RECORDS section start
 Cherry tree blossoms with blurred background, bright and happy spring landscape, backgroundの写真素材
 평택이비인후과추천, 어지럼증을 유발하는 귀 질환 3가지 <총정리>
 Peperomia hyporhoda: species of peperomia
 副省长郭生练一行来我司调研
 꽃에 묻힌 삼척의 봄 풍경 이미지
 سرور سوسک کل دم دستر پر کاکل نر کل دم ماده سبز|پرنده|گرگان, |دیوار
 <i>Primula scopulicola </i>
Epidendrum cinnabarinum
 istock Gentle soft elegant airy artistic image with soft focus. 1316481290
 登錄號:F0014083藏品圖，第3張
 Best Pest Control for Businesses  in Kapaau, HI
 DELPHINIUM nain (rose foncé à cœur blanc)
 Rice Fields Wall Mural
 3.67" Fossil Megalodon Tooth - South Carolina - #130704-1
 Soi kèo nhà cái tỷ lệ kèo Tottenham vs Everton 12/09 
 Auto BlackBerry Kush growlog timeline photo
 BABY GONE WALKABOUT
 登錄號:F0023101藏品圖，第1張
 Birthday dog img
RECORDS section end
RECORDS section start
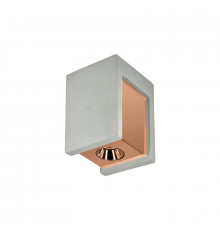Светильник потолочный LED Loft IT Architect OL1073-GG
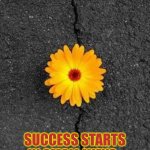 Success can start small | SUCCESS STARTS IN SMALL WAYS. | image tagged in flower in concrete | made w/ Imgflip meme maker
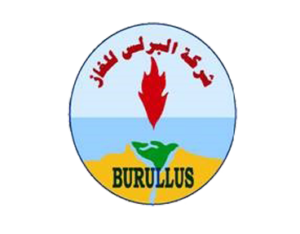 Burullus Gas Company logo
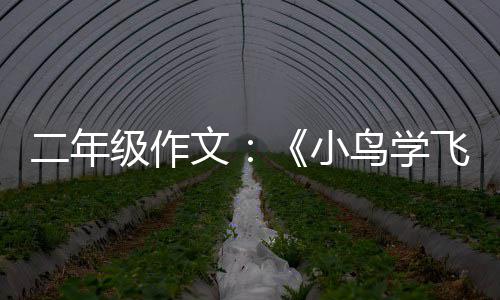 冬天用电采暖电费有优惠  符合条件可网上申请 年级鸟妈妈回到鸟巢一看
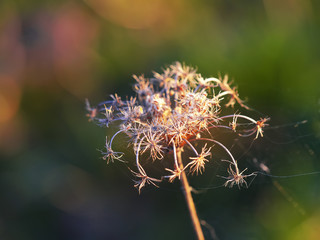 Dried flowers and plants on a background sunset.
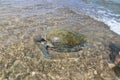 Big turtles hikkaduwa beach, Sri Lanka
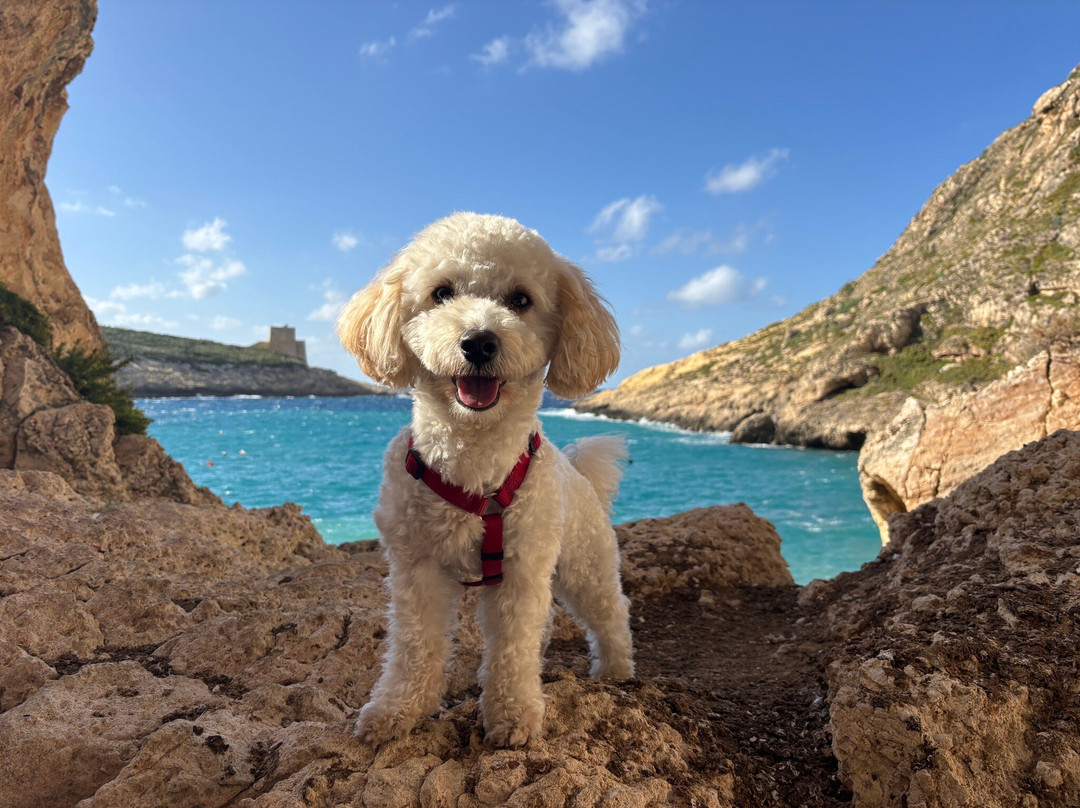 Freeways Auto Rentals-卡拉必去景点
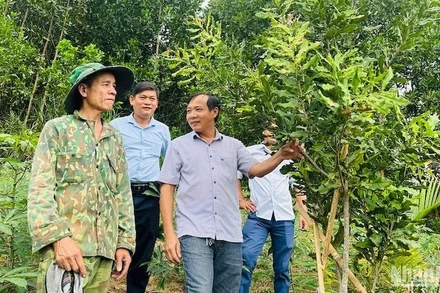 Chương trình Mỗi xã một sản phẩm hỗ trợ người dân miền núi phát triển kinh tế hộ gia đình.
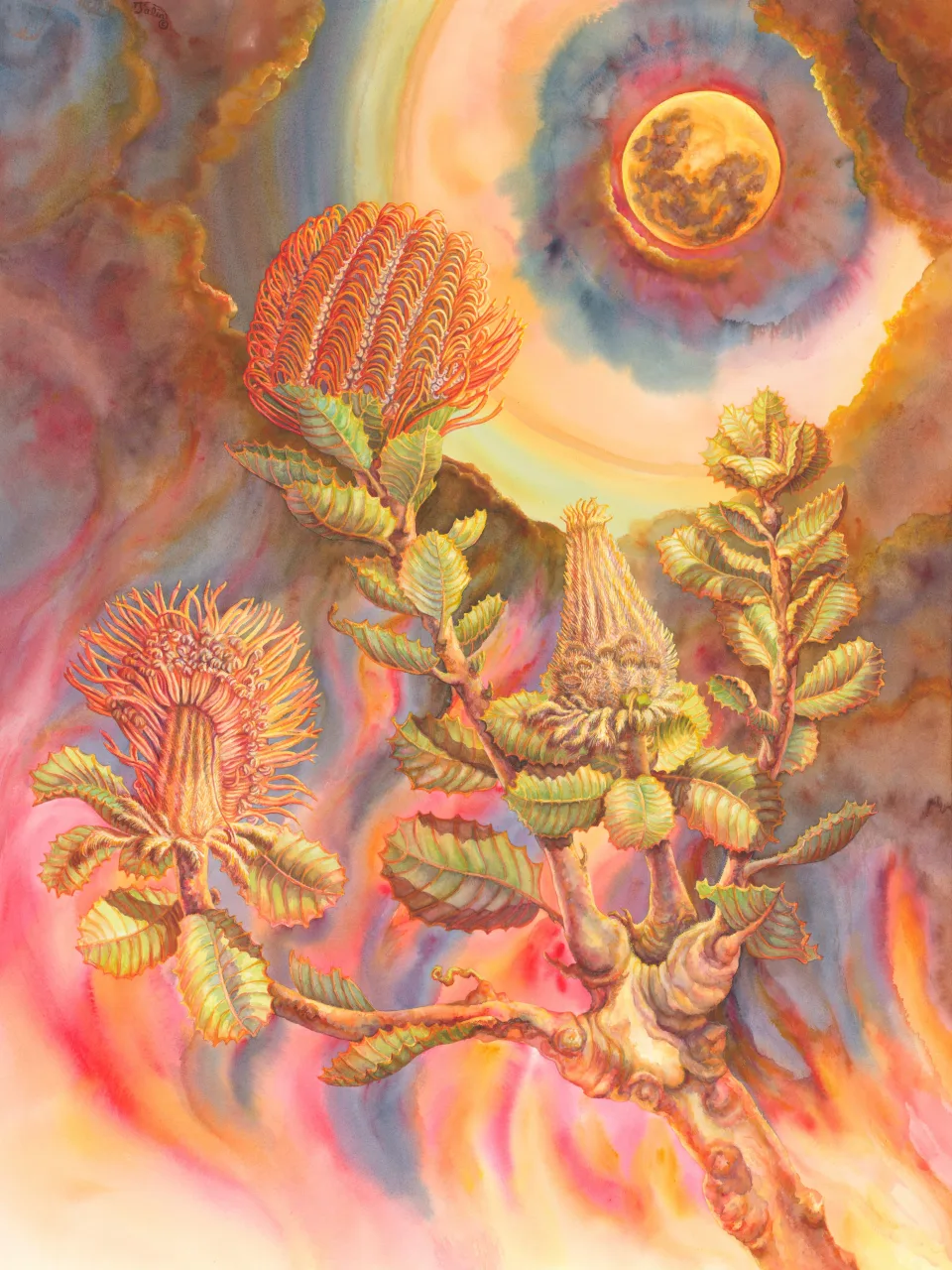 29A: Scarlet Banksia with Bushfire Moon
RECORDS section end
RECORDS section start
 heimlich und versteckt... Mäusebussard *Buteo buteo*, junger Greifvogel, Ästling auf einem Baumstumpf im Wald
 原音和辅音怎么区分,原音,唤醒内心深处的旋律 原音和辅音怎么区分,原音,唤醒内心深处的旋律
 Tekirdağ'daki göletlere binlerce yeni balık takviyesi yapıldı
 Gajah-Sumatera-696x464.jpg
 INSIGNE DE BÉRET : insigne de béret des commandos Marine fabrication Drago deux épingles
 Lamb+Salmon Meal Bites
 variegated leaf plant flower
RECORDS section end
= EXERCISE INSTRUCTIONS =
Every line above from the line with "登錄號:F0014083藏品圖，第3張" to the line with "Birthday dog img", both included, must be reproduced exactly, and no other line may appear.

= TASK OUTPUT =
 登錄號:F0014083藏品圖，第3張
 Best Pest Control for Businesses  in Kapaau, HI
 DELPHINIUM nain (rose foncé à cœur blanc)
 Rice Fields Wall Mural
 3.67" Fossil Megalodon Tooth - South Carolina - #130704-1
 Soi kèo nhà cái tỷ lệ kèo Tottenham vs Everton 12/09 
 Auto BlackBerry Kush growlog timeline photo
 BABY GONE WALKABOUT
 登錄號:F0023101藏品圖，第1張
 Birthday dog img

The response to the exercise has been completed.